Then I thought about the term "self-help." What an unfortunate term, so profoundly unhelpful. It implies that the best way to achieve one's personal, professional, and emotional goals is to do it by yourself. That's what "self-help" means, right? Helping myself?

Don't get me wrong: I love self-help books. I own thousands, and have given away hundreds more. They - and the countless self-help CDs, DVDs, videos, pamphlets, workbooks, films, websites, and articles - contribute to my growth and development. They are useful tools. But that's what they are, tools. They do not constitute community. When was the last time a book returned your late-night phone call? Has a CD ever put its arm around your shoulder? Or a DVD answered your question? What article has asked you questions and then listened intently to your answer, showing excitement at your development or dawning awareness?
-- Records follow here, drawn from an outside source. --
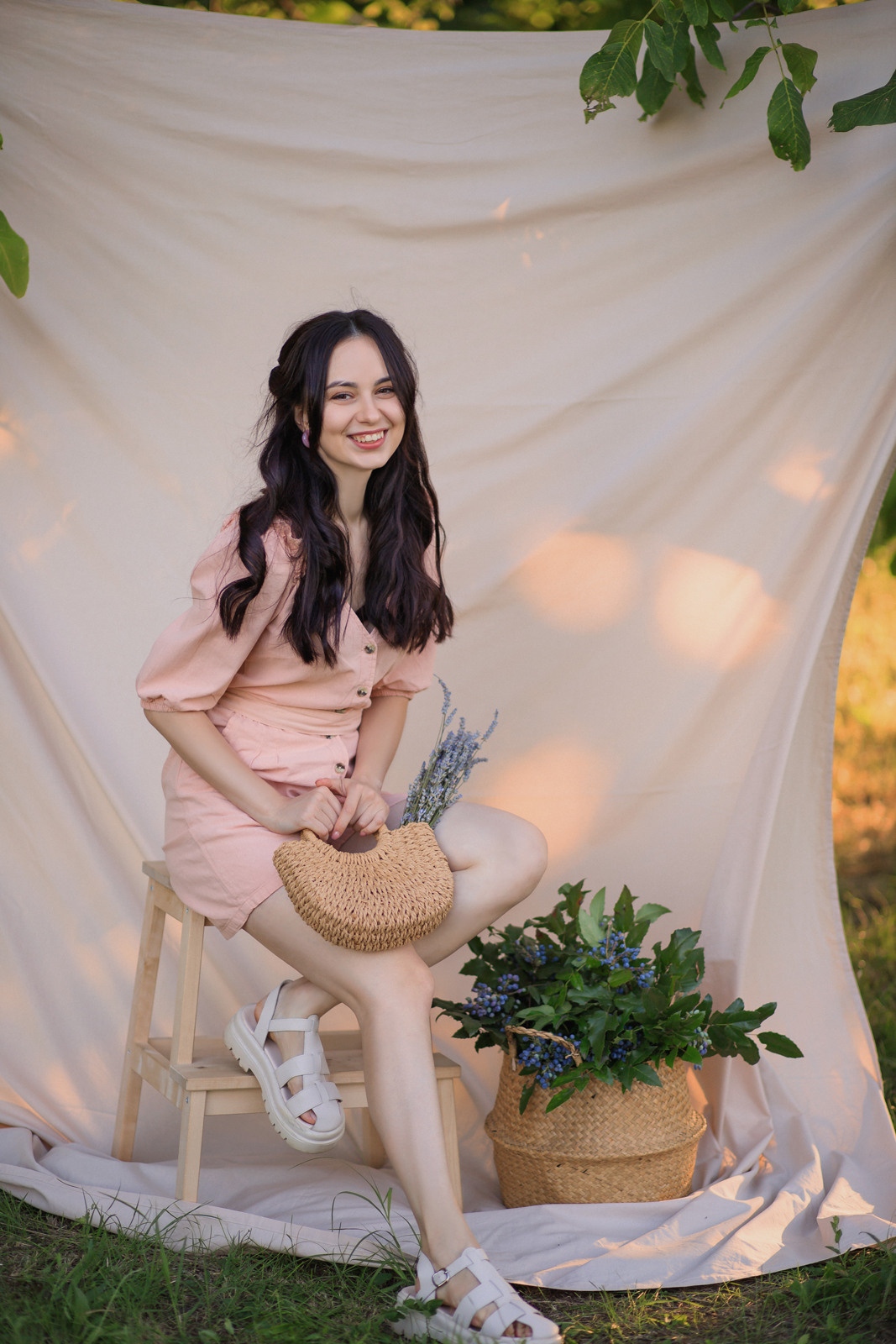 Нежная фотосессия на природе с реквизитов. Семейный и детский фотограф в Краснодаре Лафета Алена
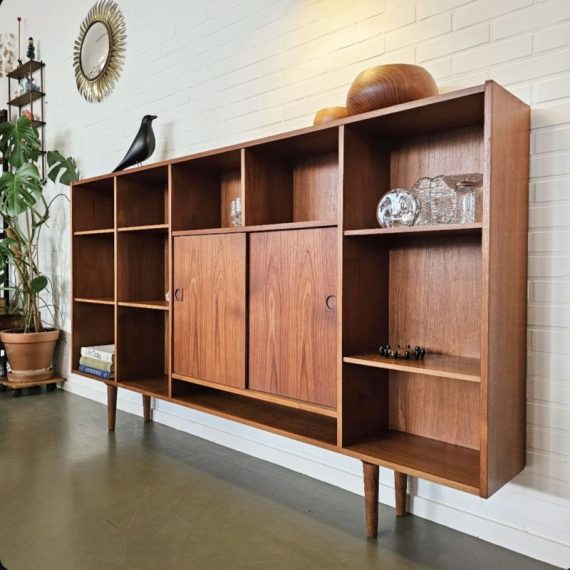 Vintage Deens design Kast van Farso Møbelfabrik - met vakken en 2 schuifdeuren - 202x25x114cm - in zeer goede vintage staat - € 1850
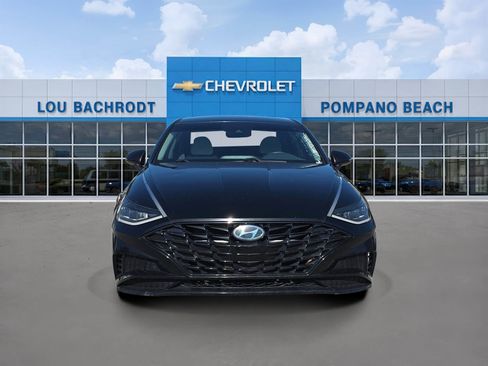 Used 2021 Hyundai Sonata SEL FWD image 2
Without a community, I would stagnate and die. Self-help tools are not enough. I don't know what else to call them, but would love to figure out how to talk about them as the stepping-off point toward a community of people who also use these tools. There are many communities arising on the Internet now, the Web 2.0 phenomenon. People do gravitate together around common needs and interests. We humans are social creatures who crave community, but don't always know how to build it or participate in it, and often are afraid to risk exposing ourselves. It's so much easier to buy a book and into the illusion that "I can heal myself with these self-help materials." I wish that "self-help" didn't imply that we don't need community in order to grow.